• **Exercise brief**
Where an entry below contains an image, skip the image and reproduce the rest exactly.

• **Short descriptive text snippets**
· · · · ·

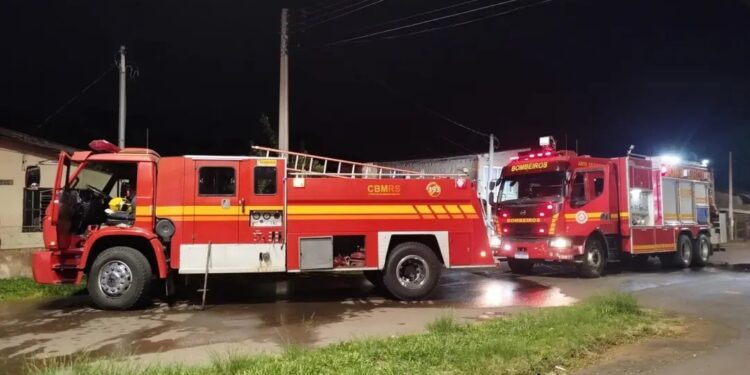 Incêndio destrói casa e atinge igreja em Vacaria durante a noite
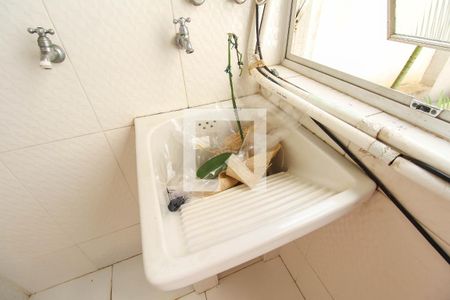 Apartamento para alugar com 80m², 2 quartos e 1 vagaÁrea de Serviço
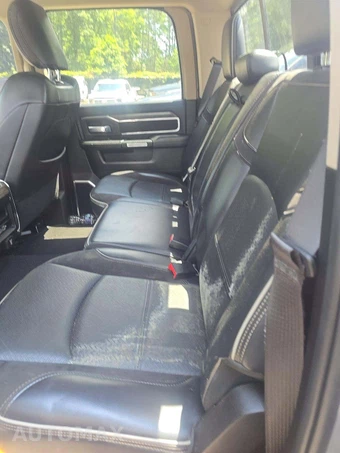 2019 Ram 3500 Laramie Crew Cab Long Bed - miniatura 13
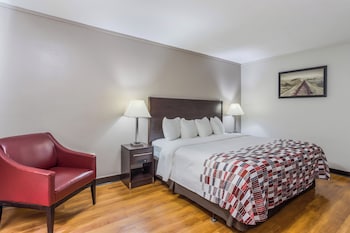 Superior Room, 1 King Bed, Non Smoking (Interior Corridor)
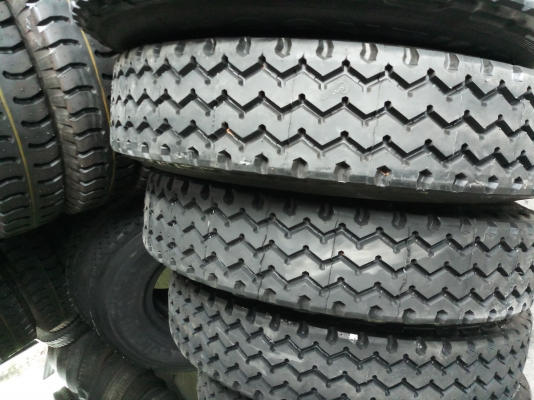 ยางอัดเย็น11R22.5สำหรับรถบรรทุกราคา3100 ยางอัดเย็น11R22.5สำหรับรถบรรทุกราคา3100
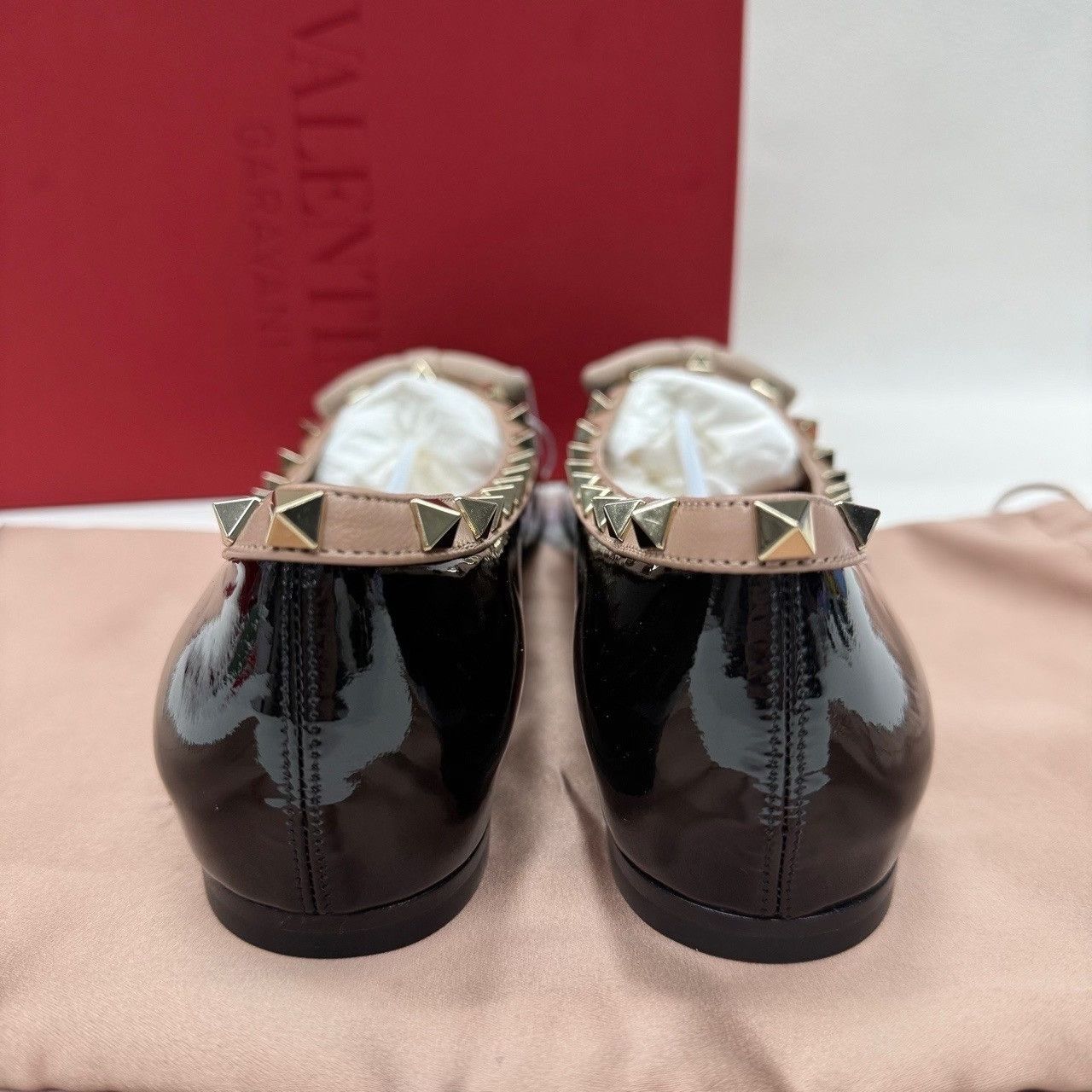 Valentino Valentino Garavani Rockstud Bow Flats Size 38.5 Size US 8.5 / IT 38.5 - 7 Thumbnail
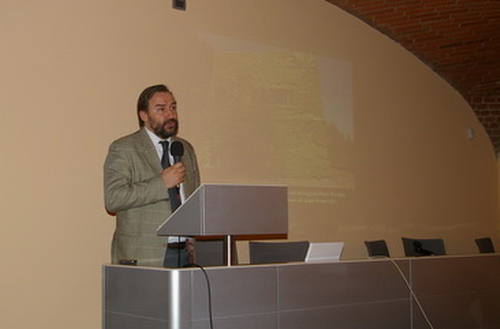 Convegno "VINO AL VENTO TERRITORIO IN FUMO?" Aula Magna - Università degli Studi di Scienze Gastronomiche,  Pollenzo Bra - 24 febbraio 2007 - Prof. Marco Devecchi (Facoltà di Agraria - Università degli Studi di Torino).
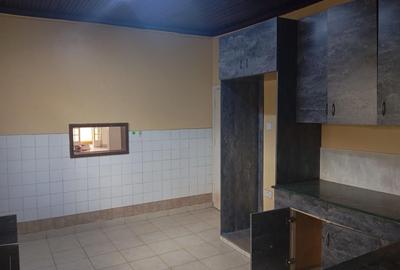 5 Bed House with En Suite at Mountain View Estate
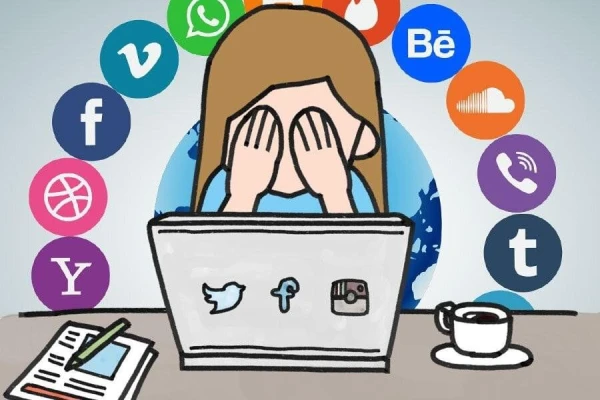 Изображение к статье: Социальные сети и мы: как онлайн-платформы влияют на жизнь, отношения и самооценку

· · · · ·

• **Exercise solution**
 Incêndio destrói casa e atinge igreja em Vacaria durante a noite
 Apartamento para alugar com 80m², 2 quartos e 1 vagaÁrea de Serviço
 2019 Ram 3500 Laramie Crew Cab Long Bed - miniatura 13
 Superior Room, 1 King Bed, Non Smoking (Interior Corridor)
 ยางอัดเย็น11R22.5สำหรับรถบรรทุกราคา3100 ยางอัดเย็น11R22.5สำหรับรถบรรทุกราคา3100
 Valentino Valentino Garavani Rockstud Bow Flats Size 38.5 Size US 8.5 / IT 38.5 - 7 Thumbnail
 Convegno "VINO AL VENTO TERRITORIO IN FUMO?" Aula Magna - Università degli Studi di Scienze Gastronomiche,  Pollenzo Bra - 24 febbraio 2007 - Prof. Marco Devecchi (Facoltà di Agraria - Università degli Studi di Torino).
 5 Bed House with En Suite at Mountain View Estate
 Изображение к статье: Социальные сети и мы: как онлайн-платформы влияют на жизнь, отношения и самооценку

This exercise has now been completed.